━━ DATASET ━━

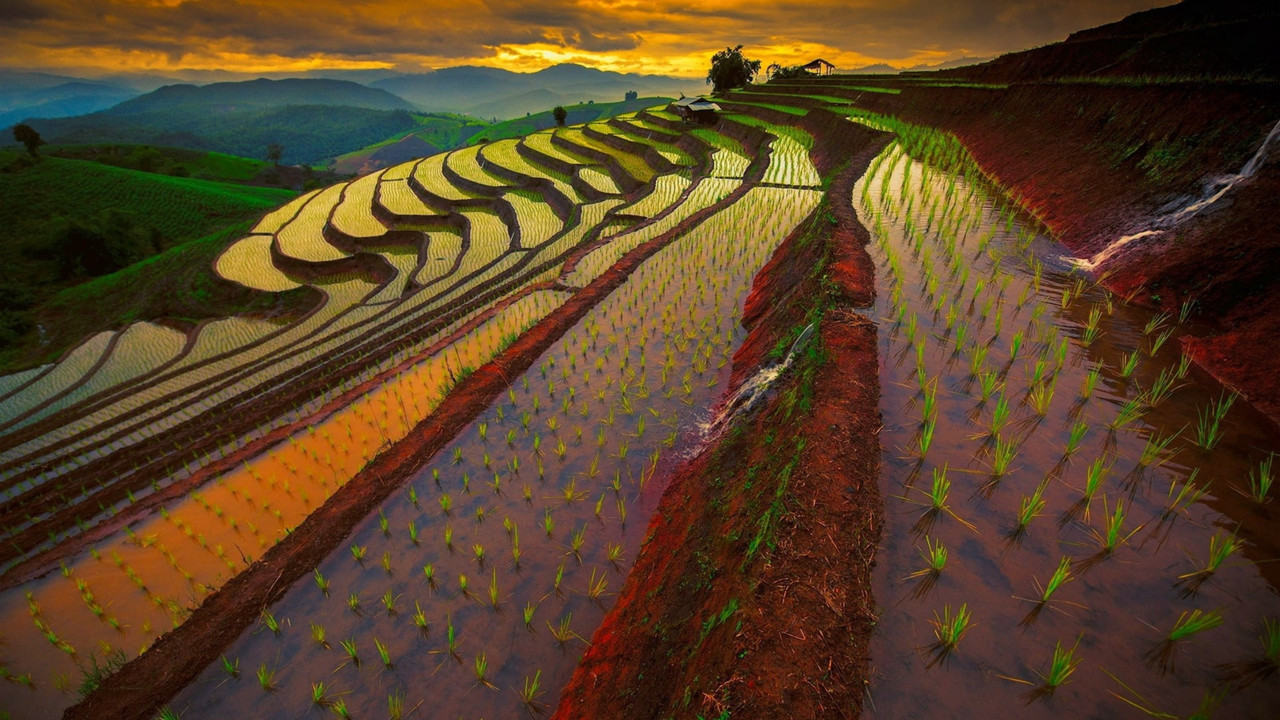 User Cover Image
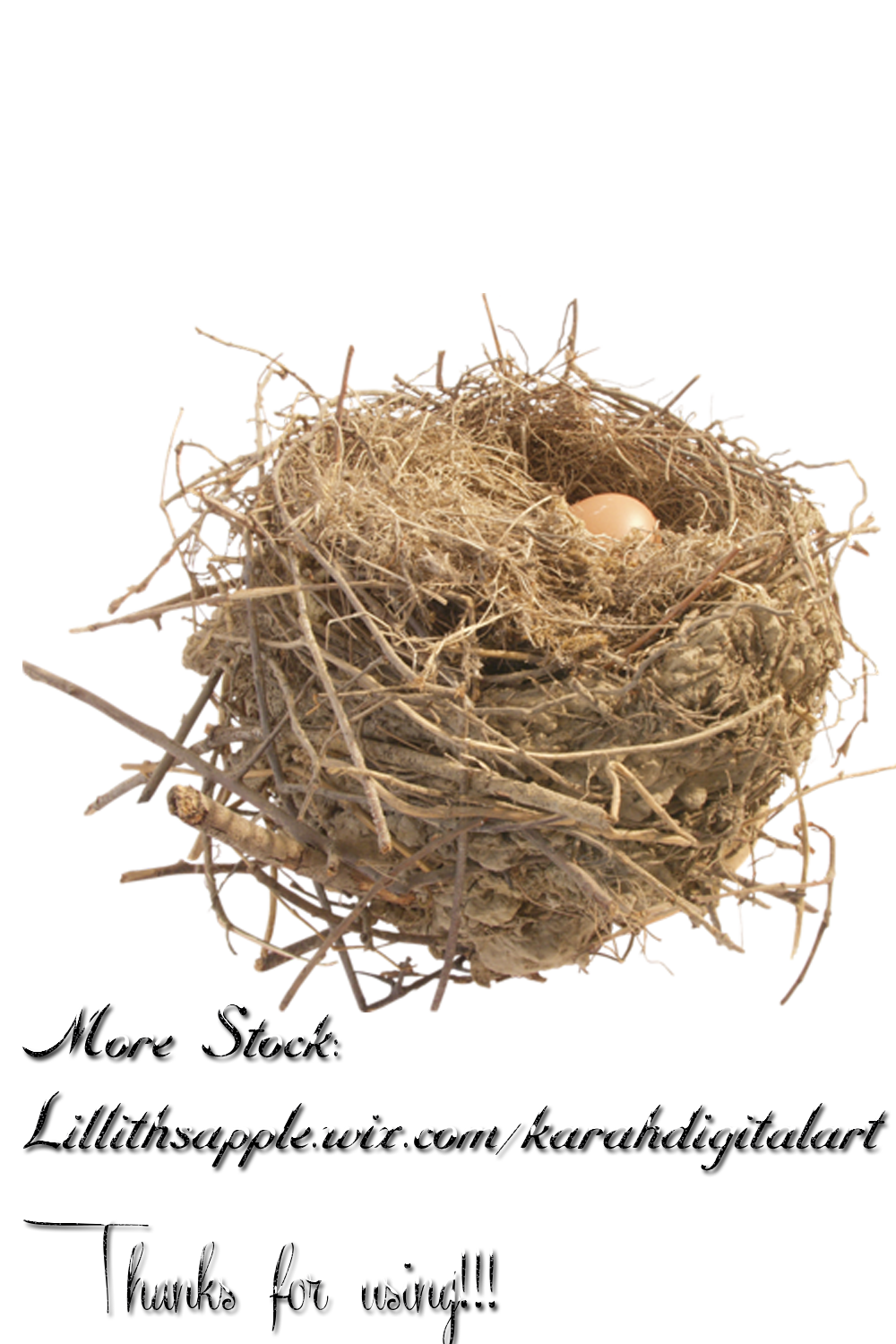 Nest Free Png Image PNG Image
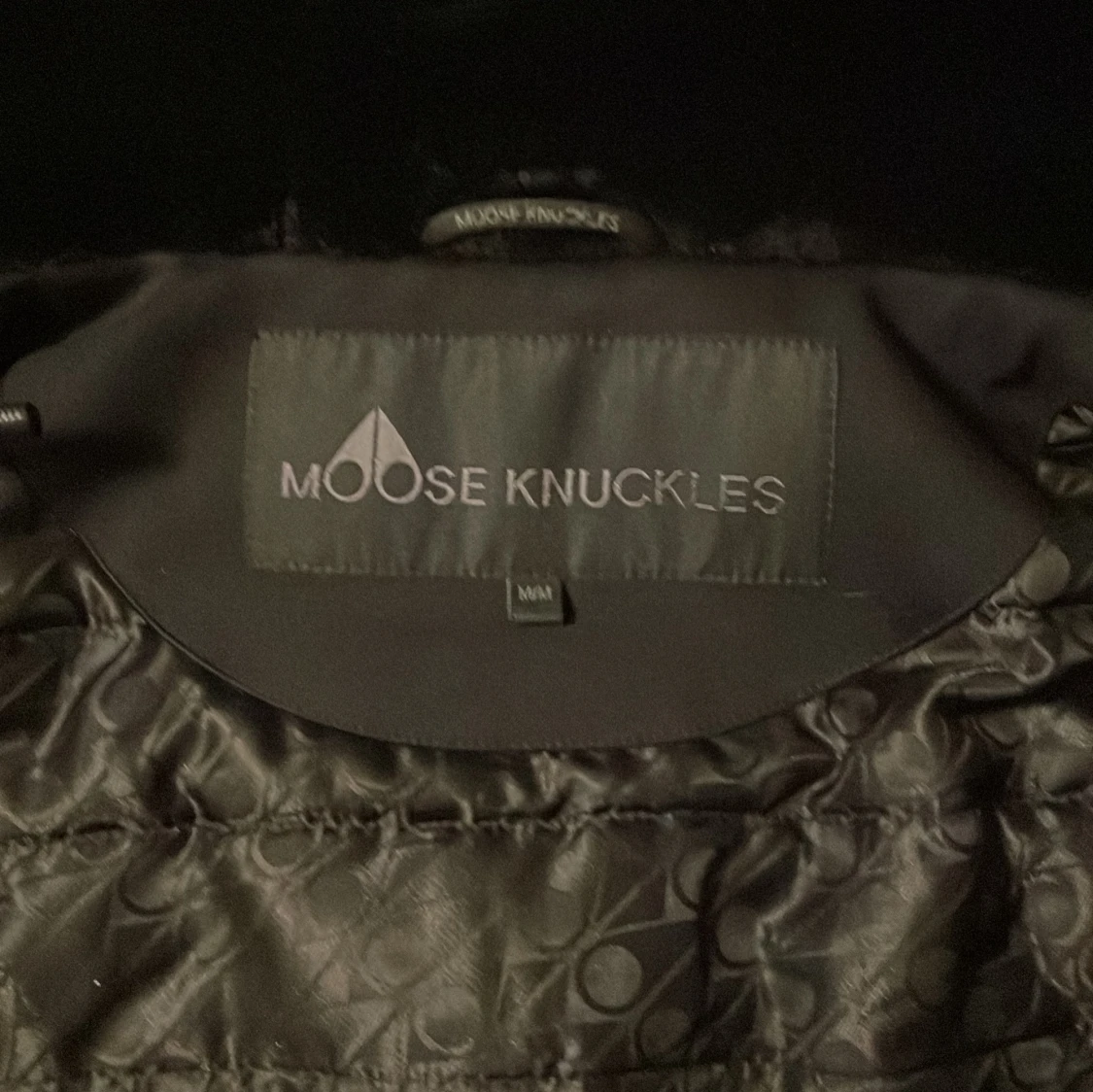 Moose knuckles bunny - 3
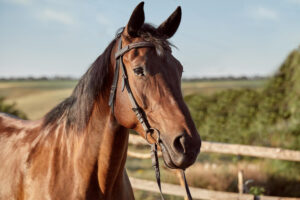 Alagoas já tem 65 mortes de cavalos com suspeita de intoxicação
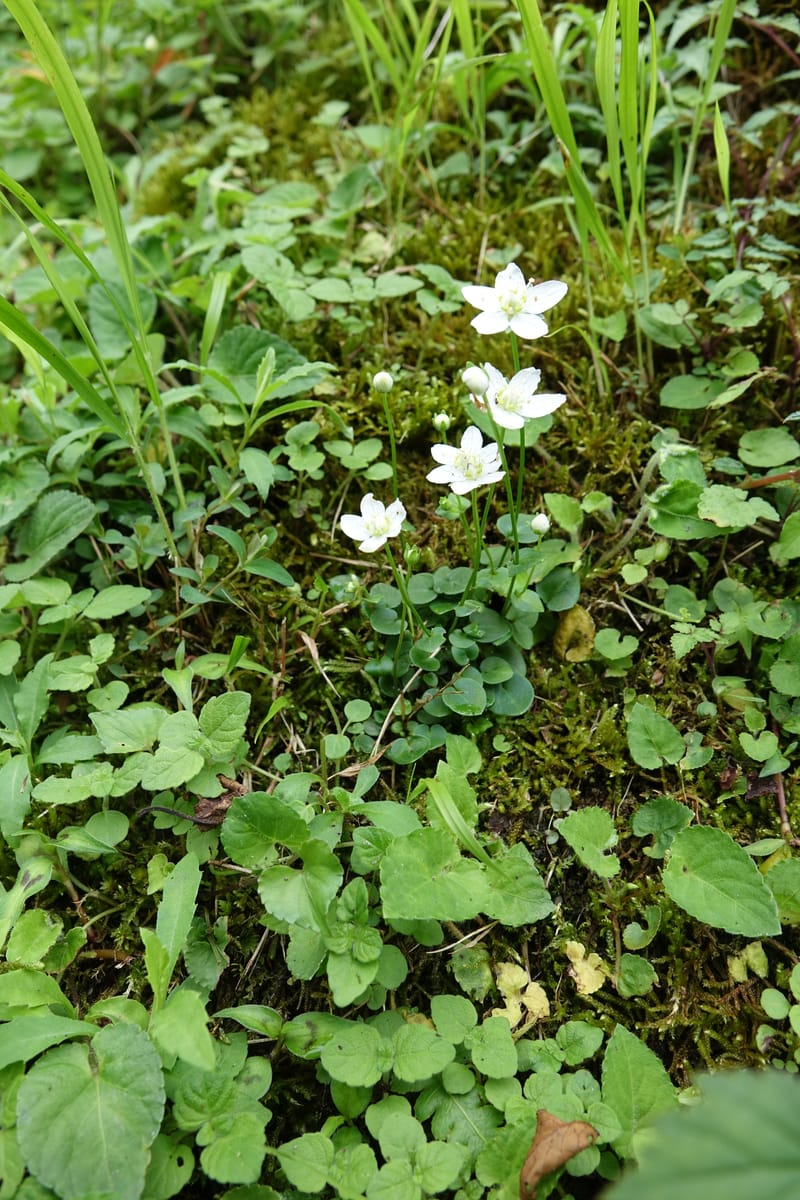 Parnassia palustris, Tseng Yu-Hsin 1316--Taiwan. SW of Nanshan on highway 7. 20 May 2016. DSC03339 (18).JPG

━━━

**WHAT YOU HAVE TO DO**
Could you set down the data exactly as given, minus its pictures?

**WRITTEN ANSWER**
 User Cover Image
 Nest Free Png Image PNG Image
 Moose knuckles bunny - 3
 Alagoas já tem 65 mortes de cavalos com suspeita de intoxicação
 Parnassia palustris, Tseng Yu-Hsin 1316--Taiwan. SW of Nanshan on highway 7. 20 May 2016. DSC03339 (18).JPG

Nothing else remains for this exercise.